The Harley-Davidson Electra Glide Sport (FLHS) debuted in 1977 as a basic, low cost version of the venerable Electra Glide. With a stock 74 cubic inch Shovelhead engine, the late-70’s FLHS had no windshield, saddle bags or luggage racks. According to Rick Conner’s Harley-Davidson Data Book . The FLHS first appeared as a limited edition, one-year-only version of the FLH.
Whether or not the factory’s original intent was to limit production to one year only, the model continued into the next year at least, as evidenced by H-D’s own 1999 calendar which shows a 1978 FLHS.
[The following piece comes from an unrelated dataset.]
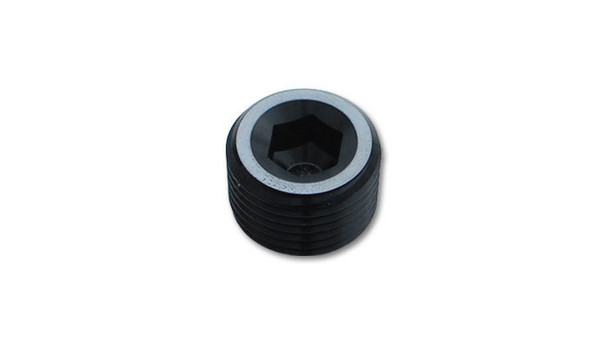 Socket Pipe Plug 1/4in NPT (VIB10491)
After it’s initial limited production run, it is unclear whether or not there was such a thing as a 1979 FLHS. By 1980, the model was either continued or reinstated.
The 1981 version was unique in that it had dual staggered pipes, forward controls, pull-back handlebars and an FX style stepped seat. Click here for an ad for the ’81 FLHS taken from the Spring, 1981 H-D Enthusiast. Thanks to Jeff Taylor for sending the ad, along with several of the other promo pictures you see here.
By 1982, the FLHS was back to saddlebags, floorboards, standard FLH seats and standard cross-over headers, making the ’81 FLHS a rare and unique ride.
In 1987, a third version of the Electra Glide Sport was introduced with an 80 cubic inch Evolution engine, saddlebags and a luggage rack. Where the FLHS differed from the rest of the Electra glide line was in its use of a windshield instead of the fairing used on all other FLHs. Also, the FLHS had no tour pack. This model was basically a civilian version of Harley’s Police Electra Glide, the FLHTP.
In the early 1990s, as Harley opted toward more chrome on it’s models, the FLHS remained chrome less, further setting it off from the rest of the Electra Glide line. From 1987 until 1993, the FLHS was Harley’s only classic/retro, pseudo-50’s-60’s style, swing-arm-suspension touring bike.
In 1993, the last model year for the FLHS Electra Glide Sport, the battery was moved from the right side to under the seat on all FLH models. This and the fact that the oil reservoir was moved to under the transmission increased the saddlebag capacity by 15% and streamlined the right side of the bike. In 1994, the model was re-vamped as the Roadking (FLHR). Changes from ’93 FLHS to ’94 FLHR:
Chrome primary, rocker box covers, cam cover and transmission cover
New, retro-style chrome headlight housing
Speedometer and dash moved from fork/handlebar assembly to gas tank
Elimination of tachometer
Wrinkle black engine paint
Lost Electra Glide name
New seat with Fatboy style passenger perch
Wider, Fatboy style handlebars
Elimination of stock passenger back-rest and luggage rack assembly, which became additional cost options with the Roadking
Elimination of luggage rack base and relocation of rear seat bolt attachment point from base to top of rear fender
$1,775 higher MSRP
Otherwise, the older Electra Glide Sport shares the same rubber mounted engine and exact same beefed-up FXR-style frame as the ’94-’96 Roadking, in addition to being the precursor to the Roadking’s retro styling.
Note: In 1997, all FLH models received a redesigned, lowered-seat-height frame. While not visibly obvious, this change becomes an advantage when in the saddle, especially for riders of not-tall stature who wish to put both feet flat on the ground when stopped. In 1999, all FLH models received the new 88-inch Twin Cam motor, which did not require any major frame redesign.
Today the FLHS is a thing of the past, squeezed out by the high end (and high dollar) Road King. The budget end of Harley’s Electra Glide line has been replaced with the Electra Glide Standard (FLHT), a fairing equipped bike and a great value in it’s own right. But those looking to acquire a modern-day equivalent of the Electraglide Sport could do worse than to find a retired Police Roadking (FLHRP).
The carburetor models have brushed aluminum engines and can often be found with under 20,000 miles for a reasonable price in towns where they are used.